Here's the actual failure mode, in order:

1. Request arrives.
2. chromedp.NewContext(context.Background()) spawns a Chromium process and its grandchildren (renderer, GPU, zygote, crashpad).
3. We render, write the PDF, and cancel() returns.
4. The Chromium process exits, but its grandchildren do not get reaped immediately. They become orphans.
5. The Go binary is PID 1 in the container. PID 1 has a special responsibility: reaping orphaned children. The Go runtime doesn't do this.
6. After tens of thousands of requests, the kernel runs out of process IDs in the container's namespace, fork() starts failing, and the next chromedp.NewContext blocks forever waiting on a Chromium that will never start.

I knew about the PID 1 thing — there are blog posts about it going back to 2016 — but I'd convinced myself my service didn't need it because the parent process exits cleanly. It doesn't.

The fix isn't one thing

If you read the literature on this you'll find three independent fixes, each presented as if it alone solves the problem:

• "Use tini as PID 1."
• "Reuse a single browser process via a shared allocator."
• "Don't sleep — wait on a load event."

The annoying truth is that you need all three, and missing any one of them keeps the bug latent.

tini alone reaps grandchildren but you're still paying full Chromium startup cost per request, which limits sustained throughput. A shared allocator alone reduces the number of processes but doesn't reap the ones that do die. Switching from Sleep(10s) to event-based waiting alone just makes the failure happen faster.

So the v2 rebuild had three load-bearing changes:

1. One long-lived chromedp.ExecAllocator for the lifetime of the process. Per-request tabs derive from a shared parent context.
2. tini as PID 1 in the container.
3. Event-based waits — Page.loadEventFired, optionally with a 500ms network-idle debounce — instead of Sleep.

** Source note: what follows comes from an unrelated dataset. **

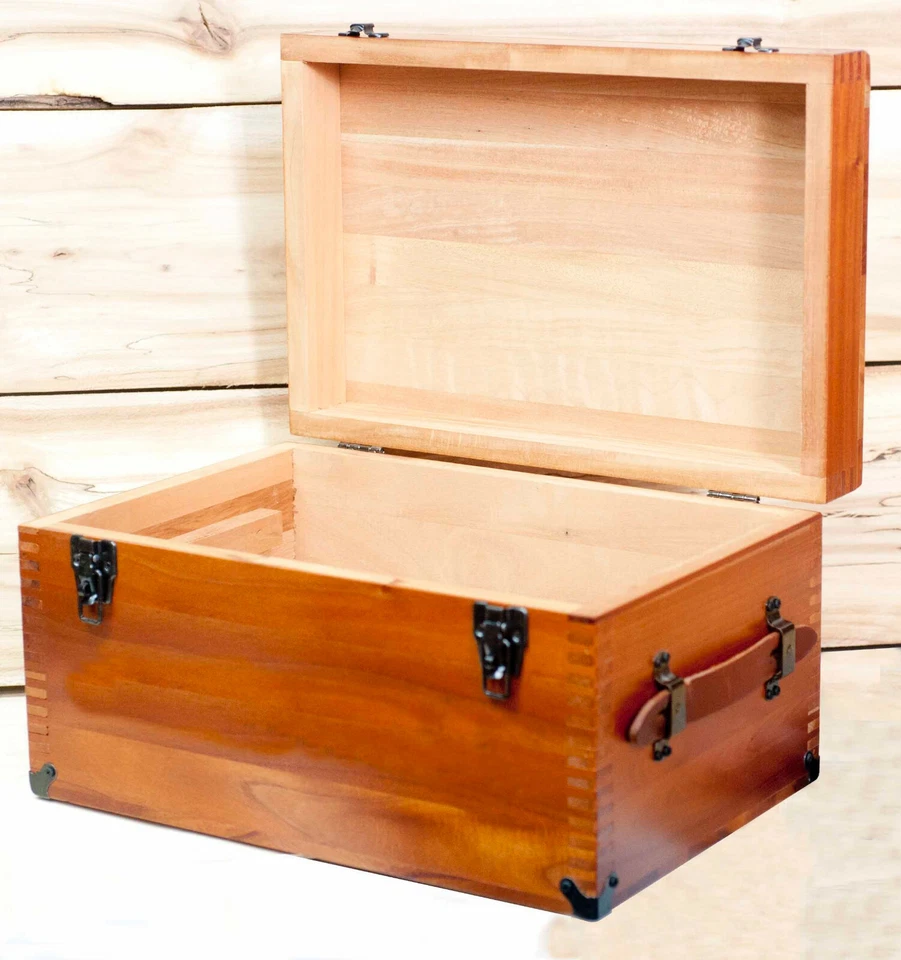 7-0032C Cedar Chest | Cedar Keepsake Box | Wooden Box | Aromatic Cedar Trunk - Image 2 of 4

And then while implementing those three fixes, I hit three more bugs.

Bug one: the chromedp parent-context lifetime gotcha

The pattern I started with was canonical:

allocCtx, allocCancel := chromedp.NewExecAllocator(ctx, opts...)
parentCtx, parentCancel := chromedp.NewContext(allocCtx)
 
// Warm the browser
probeCtx, cancelProbe := context.WithTimeout(parentCtx, 20*time.Second)
defer cancelProbe()
if err := chromedp.Run(probeCtx, chromedp.Navigate("about:blank")); err != nil {
    return err
}
 
// Now ready for per-request tabs
b.parentCtx = parentCtx

I built the service. I started it in Docker. The browser launch succeeded. The first render came in, and failed in 1.7ms with context canceled.

I spent the better part of an hour adding logs. The supervisor probe was passing, then failing, then succeeding again. The parent context's Err() was non-nil within milliseconds of spawn() returning. But nothing was calling parentCancel(). What was canceling it?

The chromedp source. Specifically, this line of behavior that isn't called out in the package docs:

The browser is created lazily on the first Run. The browser process's lifetime is bound to the context passed to that first Run.

probeCtx was a child of parentCtx via context.WithTimeout. When I called chromedp.Run(probeCtx, ...), the browser process was attached to probeCtx, not parentCtx. When my deferred cancelProbe() fired at the end of spawn(), it canceled probeCtx — and took the browser with it. The parentCtx was just a wrapper that pointed at a dead browser.

The fix: never pass a child of parentCtx to the first Run. Bound the launch a different way:

launchErr := make(chan error, 1)
go func() {
    launchErr <- chromedp.Run(parentCtx, chromedp.Navigate("about:blank"))
}()
select {
case err := <-launchErr:
    if err != nil {
        return err
    }
case <-time.After(20 * time.Second):
    return errors.New("browser launch timed out after 20s")
}

Now the browser is attached to parentCtx directly. The timeout-via-select bounds the launch without ever giving the cancellation gun to a child context.

The thing that hurts about this bug is that the canonical pattern works for one-shot scripts (NewContext → Run → cancel) because the cancel that kills the browser is intentional. It only breaks when you try to keep the browser alive across multiple Run calls and want a timeout on the launch.

Bug two: a load event that fires while you're not looking

With the browser alive, the next request came in. It hung for the full timeout. Then failed.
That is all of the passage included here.